El control de accesos puede contar con varias herramientas para lograr resultados positivos. Una de las más usuales, ya sea en una empresa o en un lugar de entretenimiento, es la instalación de un guardia que vigile y controle el paso de las personas. Por lo general, la mecánica de este método consiste en que el guardia detiene a cada uno de los visitantes con el fin de lograr una identificación personal. Esta identificación no sólo se basa en la declaración oral, sino que requiere de un documento que usualmente corresponde al carnet de identidad. En la mayoría de los casos, el guardia retiene el carnet y le entrega al visitante una tarjeta que lo identifica como tal. A esto se suma el registro en el libro de visitas de los datos de la persona y la comunicación con el departamento o el funcionario con el cual quiere encontrarse. En algunas organizaciones más estrictas, el visitante ni siquiera se puede mover libremente, sólo puede acceder a un ascensor en el cual se ha programado de modo fijo el piso en el que podrá detenerse.

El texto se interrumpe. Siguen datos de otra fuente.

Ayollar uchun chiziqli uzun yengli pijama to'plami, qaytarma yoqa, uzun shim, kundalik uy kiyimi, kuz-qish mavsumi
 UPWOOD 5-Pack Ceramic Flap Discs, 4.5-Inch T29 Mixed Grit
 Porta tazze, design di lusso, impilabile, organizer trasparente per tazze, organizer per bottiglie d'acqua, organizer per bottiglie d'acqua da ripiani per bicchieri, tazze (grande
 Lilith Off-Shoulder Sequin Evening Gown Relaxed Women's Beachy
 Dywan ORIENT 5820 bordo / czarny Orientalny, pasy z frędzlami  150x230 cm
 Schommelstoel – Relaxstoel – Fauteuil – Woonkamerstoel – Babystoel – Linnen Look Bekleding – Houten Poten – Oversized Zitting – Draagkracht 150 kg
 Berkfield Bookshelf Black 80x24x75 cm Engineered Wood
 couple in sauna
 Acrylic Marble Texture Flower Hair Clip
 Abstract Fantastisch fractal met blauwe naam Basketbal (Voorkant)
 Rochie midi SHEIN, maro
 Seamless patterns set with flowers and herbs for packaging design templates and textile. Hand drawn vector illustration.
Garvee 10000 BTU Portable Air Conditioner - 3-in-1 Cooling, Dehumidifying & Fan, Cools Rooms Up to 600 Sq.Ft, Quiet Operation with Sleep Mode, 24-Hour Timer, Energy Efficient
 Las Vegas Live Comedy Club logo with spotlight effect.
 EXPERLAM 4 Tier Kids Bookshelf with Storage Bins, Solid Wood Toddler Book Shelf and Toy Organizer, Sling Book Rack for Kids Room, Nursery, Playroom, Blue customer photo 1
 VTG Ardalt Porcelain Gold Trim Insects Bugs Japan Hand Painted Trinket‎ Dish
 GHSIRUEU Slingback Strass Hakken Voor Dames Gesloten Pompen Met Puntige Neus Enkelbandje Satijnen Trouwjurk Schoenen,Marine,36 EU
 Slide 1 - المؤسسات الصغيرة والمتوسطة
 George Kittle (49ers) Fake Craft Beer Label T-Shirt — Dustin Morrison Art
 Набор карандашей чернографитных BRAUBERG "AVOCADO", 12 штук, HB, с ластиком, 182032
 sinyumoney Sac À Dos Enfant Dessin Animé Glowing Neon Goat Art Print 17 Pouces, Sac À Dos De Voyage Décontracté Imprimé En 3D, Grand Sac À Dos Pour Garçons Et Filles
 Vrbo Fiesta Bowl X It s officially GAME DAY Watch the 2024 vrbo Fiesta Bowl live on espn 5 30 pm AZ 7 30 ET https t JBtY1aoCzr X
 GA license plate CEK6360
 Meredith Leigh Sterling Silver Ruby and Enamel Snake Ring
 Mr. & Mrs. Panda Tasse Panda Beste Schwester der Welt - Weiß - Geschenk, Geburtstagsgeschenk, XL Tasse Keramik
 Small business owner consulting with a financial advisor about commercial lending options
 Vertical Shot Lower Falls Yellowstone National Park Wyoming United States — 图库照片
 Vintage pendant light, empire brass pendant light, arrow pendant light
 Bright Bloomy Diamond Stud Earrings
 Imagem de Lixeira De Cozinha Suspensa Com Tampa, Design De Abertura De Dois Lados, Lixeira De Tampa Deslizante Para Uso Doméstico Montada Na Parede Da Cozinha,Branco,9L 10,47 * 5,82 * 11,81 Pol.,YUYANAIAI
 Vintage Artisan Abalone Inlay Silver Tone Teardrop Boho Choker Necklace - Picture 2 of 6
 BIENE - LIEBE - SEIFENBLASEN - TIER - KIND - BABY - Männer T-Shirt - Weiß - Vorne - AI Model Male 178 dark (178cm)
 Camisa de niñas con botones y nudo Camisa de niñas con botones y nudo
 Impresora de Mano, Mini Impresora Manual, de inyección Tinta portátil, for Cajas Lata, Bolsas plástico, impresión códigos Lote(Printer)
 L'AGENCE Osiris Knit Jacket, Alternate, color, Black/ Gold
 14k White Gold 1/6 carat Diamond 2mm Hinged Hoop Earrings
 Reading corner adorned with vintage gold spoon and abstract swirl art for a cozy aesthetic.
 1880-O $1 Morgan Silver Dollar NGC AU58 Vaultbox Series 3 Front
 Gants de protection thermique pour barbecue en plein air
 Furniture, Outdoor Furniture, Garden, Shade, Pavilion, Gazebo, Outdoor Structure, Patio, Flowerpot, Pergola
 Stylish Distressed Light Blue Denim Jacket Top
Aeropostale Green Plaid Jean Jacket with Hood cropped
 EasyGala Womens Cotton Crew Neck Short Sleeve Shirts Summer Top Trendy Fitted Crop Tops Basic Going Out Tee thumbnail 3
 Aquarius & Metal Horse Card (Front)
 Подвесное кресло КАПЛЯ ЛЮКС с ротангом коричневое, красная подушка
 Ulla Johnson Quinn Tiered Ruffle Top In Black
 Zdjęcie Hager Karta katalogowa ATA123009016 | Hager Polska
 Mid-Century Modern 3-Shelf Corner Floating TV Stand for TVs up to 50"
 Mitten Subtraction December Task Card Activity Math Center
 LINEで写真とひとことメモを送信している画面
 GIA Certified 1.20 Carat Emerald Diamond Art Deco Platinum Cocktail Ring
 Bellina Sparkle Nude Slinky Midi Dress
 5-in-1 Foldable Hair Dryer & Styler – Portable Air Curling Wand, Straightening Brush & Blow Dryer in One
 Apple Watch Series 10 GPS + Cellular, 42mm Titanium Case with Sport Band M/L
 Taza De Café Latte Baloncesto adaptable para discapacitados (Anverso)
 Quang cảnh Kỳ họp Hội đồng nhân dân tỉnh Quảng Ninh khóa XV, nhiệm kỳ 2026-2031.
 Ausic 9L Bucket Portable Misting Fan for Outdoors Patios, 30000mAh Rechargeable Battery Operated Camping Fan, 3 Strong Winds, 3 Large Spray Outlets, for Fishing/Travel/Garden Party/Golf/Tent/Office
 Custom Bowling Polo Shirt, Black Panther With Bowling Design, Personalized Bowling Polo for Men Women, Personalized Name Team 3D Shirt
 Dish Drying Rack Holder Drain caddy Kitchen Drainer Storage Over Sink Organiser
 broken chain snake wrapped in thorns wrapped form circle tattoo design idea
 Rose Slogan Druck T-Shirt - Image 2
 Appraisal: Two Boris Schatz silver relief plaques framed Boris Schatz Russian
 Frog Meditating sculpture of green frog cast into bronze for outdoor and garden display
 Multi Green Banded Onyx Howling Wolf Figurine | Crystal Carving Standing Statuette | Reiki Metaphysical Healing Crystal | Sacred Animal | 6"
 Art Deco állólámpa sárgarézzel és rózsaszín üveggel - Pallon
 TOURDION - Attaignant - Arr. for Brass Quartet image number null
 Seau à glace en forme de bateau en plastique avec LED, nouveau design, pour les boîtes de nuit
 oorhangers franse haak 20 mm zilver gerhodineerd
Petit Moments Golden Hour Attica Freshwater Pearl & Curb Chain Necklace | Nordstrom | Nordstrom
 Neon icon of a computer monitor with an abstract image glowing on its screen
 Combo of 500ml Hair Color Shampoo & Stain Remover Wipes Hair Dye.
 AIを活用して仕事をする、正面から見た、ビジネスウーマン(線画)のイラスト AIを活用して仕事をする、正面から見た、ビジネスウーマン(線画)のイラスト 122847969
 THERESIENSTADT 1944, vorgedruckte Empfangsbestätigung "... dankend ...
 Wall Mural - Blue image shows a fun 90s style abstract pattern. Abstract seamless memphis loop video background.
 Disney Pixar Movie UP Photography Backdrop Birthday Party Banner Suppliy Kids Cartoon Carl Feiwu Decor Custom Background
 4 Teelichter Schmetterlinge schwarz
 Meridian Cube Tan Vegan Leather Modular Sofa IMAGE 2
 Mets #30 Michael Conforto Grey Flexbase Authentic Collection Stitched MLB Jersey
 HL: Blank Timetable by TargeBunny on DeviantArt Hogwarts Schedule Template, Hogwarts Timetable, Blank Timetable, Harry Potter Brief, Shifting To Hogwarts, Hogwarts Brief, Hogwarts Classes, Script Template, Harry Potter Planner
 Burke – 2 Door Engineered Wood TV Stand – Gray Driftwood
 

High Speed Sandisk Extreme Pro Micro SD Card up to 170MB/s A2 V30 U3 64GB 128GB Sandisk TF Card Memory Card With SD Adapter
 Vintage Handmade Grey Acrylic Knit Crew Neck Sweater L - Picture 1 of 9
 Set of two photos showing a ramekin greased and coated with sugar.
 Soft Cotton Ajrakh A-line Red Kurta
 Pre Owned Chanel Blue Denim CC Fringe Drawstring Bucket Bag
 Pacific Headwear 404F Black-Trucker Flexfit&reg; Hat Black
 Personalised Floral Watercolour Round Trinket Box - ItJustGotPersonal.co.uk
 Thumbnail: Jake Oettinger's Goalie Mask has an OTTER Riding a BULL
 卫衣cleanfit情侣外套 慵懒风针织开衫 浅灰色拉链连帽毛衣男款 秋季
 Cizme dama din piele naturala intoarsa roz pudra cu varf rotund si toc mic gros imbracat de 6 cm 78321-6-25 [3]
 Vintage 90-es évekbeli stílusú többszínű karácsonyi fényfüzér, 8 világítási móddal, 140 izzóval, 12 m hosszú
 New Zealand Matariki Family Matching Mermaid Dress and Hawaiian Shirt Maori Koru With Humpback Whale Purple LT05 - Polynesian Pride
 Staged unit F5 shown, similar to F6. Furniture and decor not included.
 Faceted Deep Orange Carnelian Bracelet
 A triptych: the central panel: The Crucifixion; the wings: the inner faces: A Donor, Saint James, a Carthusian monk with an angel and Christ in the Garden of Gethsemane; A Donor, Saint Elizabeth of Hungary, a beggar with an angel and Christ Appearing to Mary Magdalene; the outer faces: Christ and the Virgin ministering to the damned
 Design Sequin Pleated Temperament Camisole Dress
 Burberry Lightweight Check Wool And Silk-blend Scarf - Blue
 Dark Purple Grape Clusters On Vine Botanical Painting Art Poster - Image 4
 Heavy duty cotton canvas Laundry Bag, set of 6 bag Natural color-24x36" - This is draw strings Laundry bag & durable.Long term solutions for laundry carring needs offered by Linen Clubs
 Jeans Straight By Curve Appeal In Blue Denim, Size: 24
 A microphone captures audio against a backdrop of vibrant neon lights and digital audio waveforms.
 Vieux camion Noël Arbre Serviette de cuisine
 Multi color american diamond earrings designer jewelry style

Otra medida que se implementa como control de acceso es el uso de cámaras y telecomunicadores. De este modo, el visitante se mantiene fuera del recinto hasta que se logra una identificación satisfactoria. Con este método se evita cualquier posible problema que signifique el enfrentamiento directo con alguien indeseable. El problema es que, en el caso de las empresas o negocios, genera una situación defensiva un poco más violenta que puede molestar a algunos posibles clientes.